It’s very much like looking after the children on the set—you have to go make sure every part of their welfare is met. They can’t be overworked, they can’t get stressed, and you have to be very aware of the temperature that’s all around them. We care for all their needs—the correct food that they have, the constant supply of water—just everything that they need. And the ability to carry out their own natural actions, so nothing is trained that the animal is not able to do naturally, so there is nothing forced on them.
Everything is done with positive reinforcement, with play or treats and praise. If you look at old films, you can actually see the doggie is looking or the animal is looking, and it’s a bit scared, and it looks a little bit wary about life. But if you watch all the animals on here, the tails are wagging, they’re happy, and they’re natural. They’re not scared of anything, because we haven’t put them into a position where they would be scared about anything, and they have total trust in us.
What are some examples of things you do for the animals, that might surprise viewers?
We set up their own pens and their own accommodations on set so they don’t have far to travel, and they come from their natural(ish) accommodation. So if we’ve got the cows, then we build a cow pen outside and bed them down with hay and straw, so they’re just standing there, as they would on a farm, and it’s all natural for them. Then they go into a natural surrounding on set.
Most of the cows are going into a barn, or the dogs are going into the vet. But it’s not a real vet, it doesn’t smell like a vet, so therefore they’re not worried. But even then, we would take them around to vets and get them used to going in and out of the vets, so they can understand the smells and the noises that are going on around them, and they don’t have any fear of it because they’re used to it.
We spend so much time before hand actually prepping them. If they’re going to be near a train station, then we take them to train stations to get them used to it, so that it’s no surprise when they’re there, and they can just do their acting. We spend hours and hours out all over the place with them. I used to train a lot of dogs on the train station just because there was so much noise, so many people, and they just get used to it.
What’s been a particular challenge in making All Creatures Great and Small?

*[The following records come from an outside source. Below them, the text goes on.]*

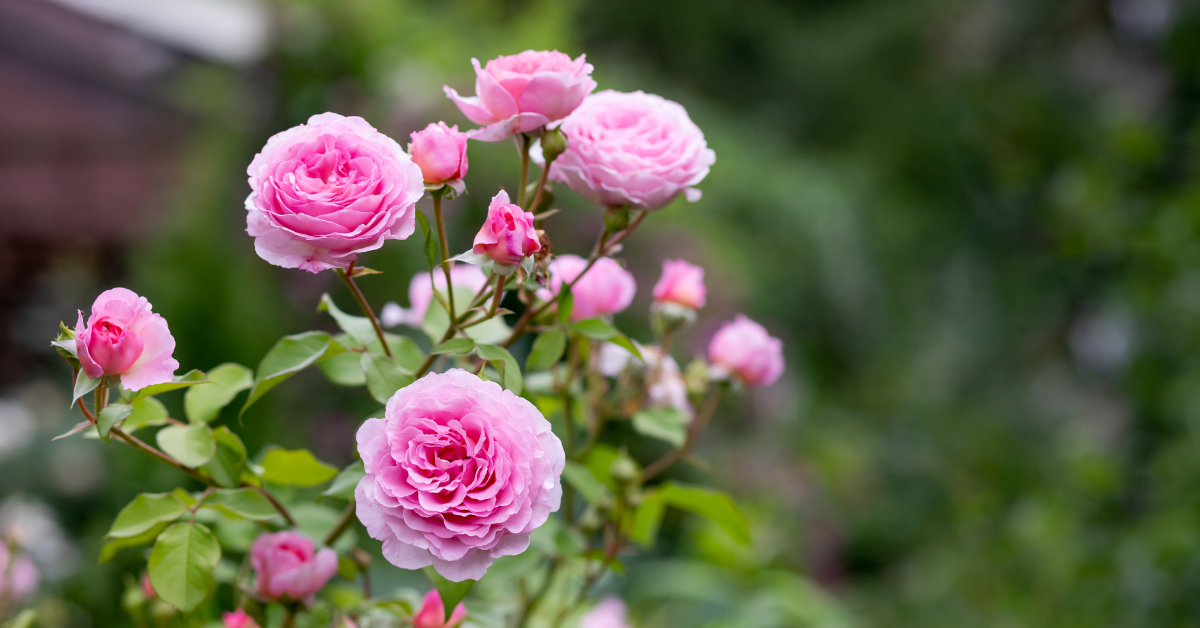 Pink roses in a garden. 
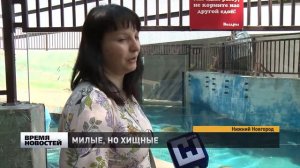 Милые хищники - в нижегородском зоопарке "Лимпопо" отметили День выдр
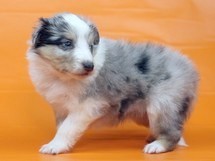 puppies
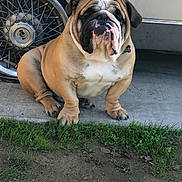 Bruno is registered to the contest to win money with this photo: dog, bulldog, pet, animal, sitting, grass, concrete, car, tire, wheel, outdoor, daylight, mammal, brown, white, fur, collar, paw, cute, portrait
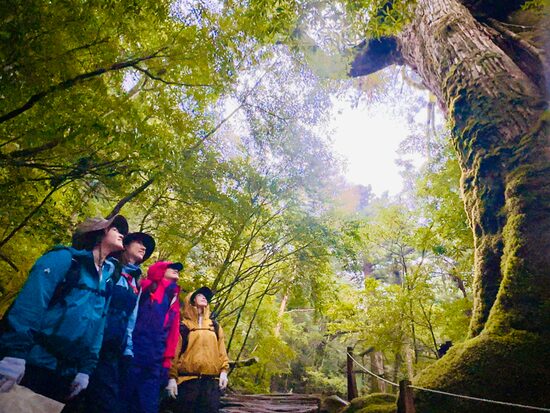 屋久島 西部林道ツアー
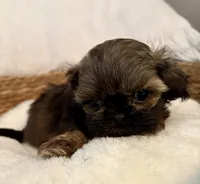 Coco, a male Shih Tzu for sale in Bixby, OK – 1 of 4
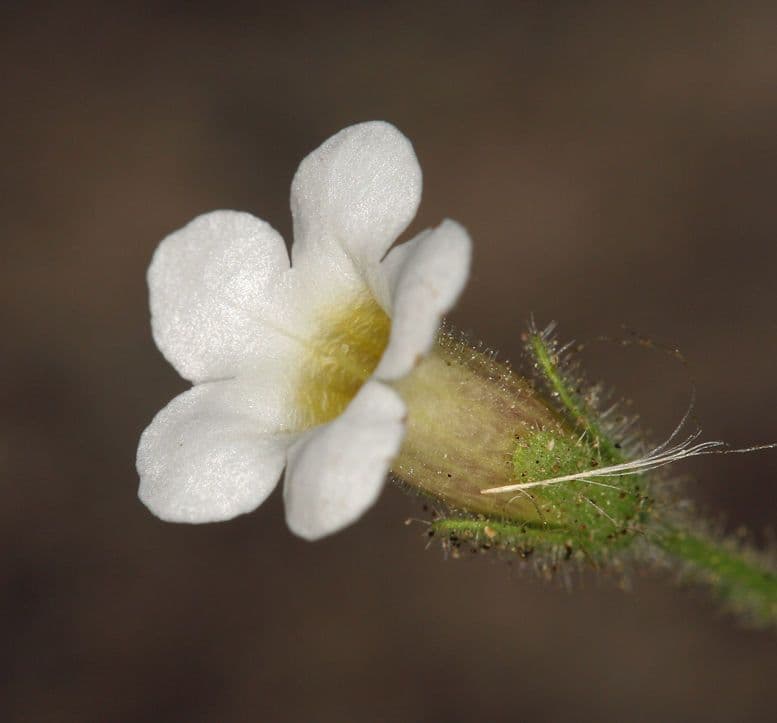 Phacelia 3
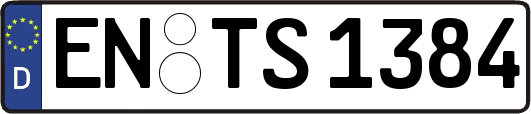 EN-TS1384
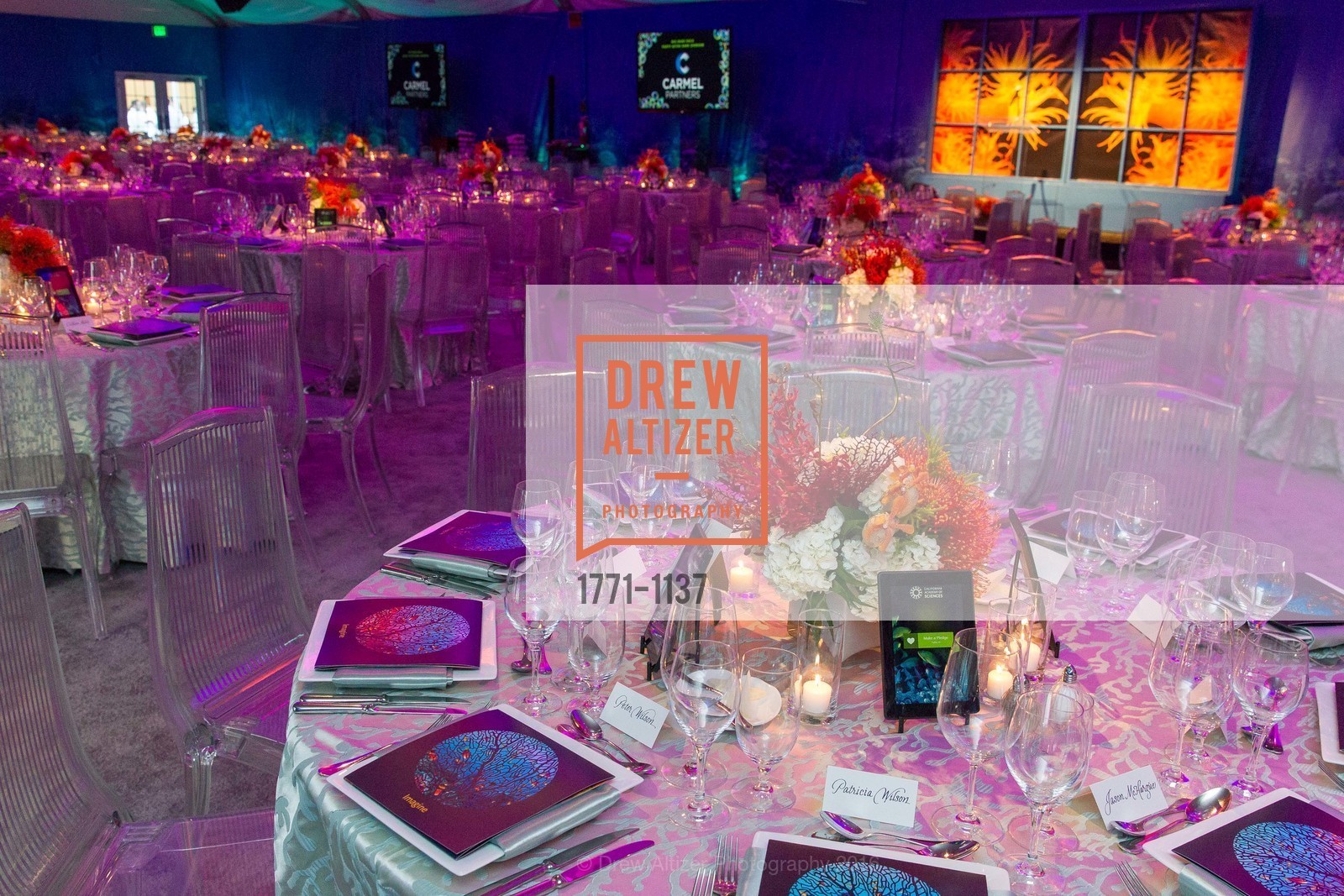 Atmosphere, California Academy of Sciences - 2016 Big Bang Gala, California Academy of Sciences, April 28th, 2016, Photo #1771-1137 Atmosphere, Photo #1771-1137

Moving cows around Yorkshire. We have very strict government rules in terms of protecting animals, especially cows, who are susceptible to TB. So once they move, they have to stay in a place for a week. And they can’t travel alone—you can’t use one cow on its own, it always has to have a companion, because they’re herd animals. So trying to work that in with the filming schedule, when you might these cows in a different location, can be quite a logistical headache. Especially if you have issues with the schedule, if the weather affects you, which can happen a lot in the Yorkshire Dales. Sometimes we have to just halt filming for rain. You can’t film with chickens in the rain because their feathers would just be completely dampened. So there are certain restrictions within that particular region that can impact when you’re filming with animals.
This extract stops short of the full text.